While stories about the H1N1 virus have pushed the public debate over the proposed redevelopment of Lansdowne Park onto the back burner, rhetoric from both sides will pick up again leading up to a special city council meeting on Nov. 12 to discuss the issue.
Proponents of the $250-million plan to renovate Frank Clair Stadium and build a retail complex in one corner of the park insist the project is at worst, revenue neutral for taxpayers. Their plan, they say, will revitalize the park, increase property values in the area and propel business in the Glebe.
Dissidents argue that Ottawa residents will straddle a huge debt for a football stadium and shopping complex in an unsuitable location that will threaten local business.
To pay for the project, the city would have to take on at least $117 million in debt. Ian Lee, director of the MBA program at the Sprott School of Business at Carleton University and one of the most vocal opponents, figures the total repayment cost of that loan would reach $280 million if it were financed over a 40-year term with 5.35 per cent interest.

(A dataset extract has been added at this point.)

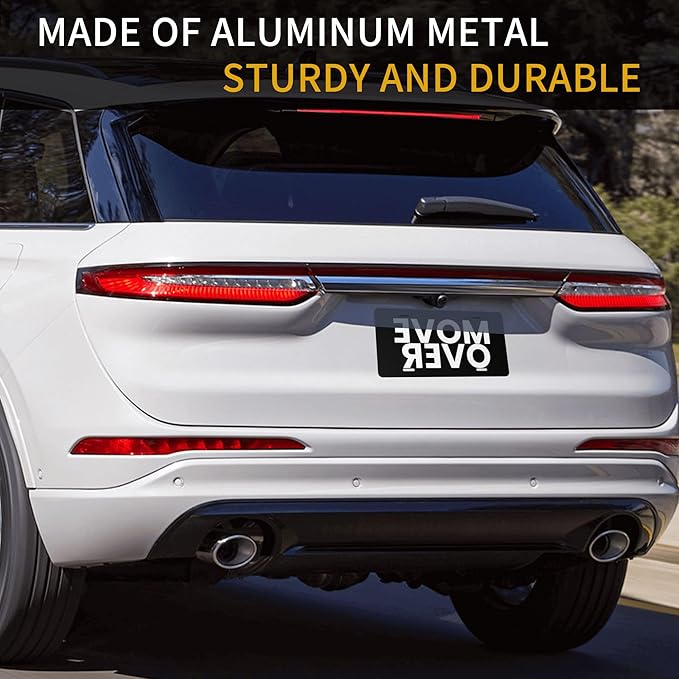 Front License Plate Move Over Black Vanity Plates Aluminum Metal Decorative Car Tag Novelty License Plate Cover for Men Women ‎6 * 12 in (4 Holes)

“The city is going into debt, which will be repaid by taxpayer money,” said Lee, “and on top of that, we are giving away 25 per cent of the park to build retail and commercial stuff.
“The city has done a lousy job looking after it in the last 10 or 15 years. They have been poor trustees of this public asset,” he said.
“Now they want to really mismanage it by dropping a shopping mall into the middle of a 140-year-old park.”
If the city really wants a football team, he said, a new stadium should be located where it is easily accessed by transit and traffic.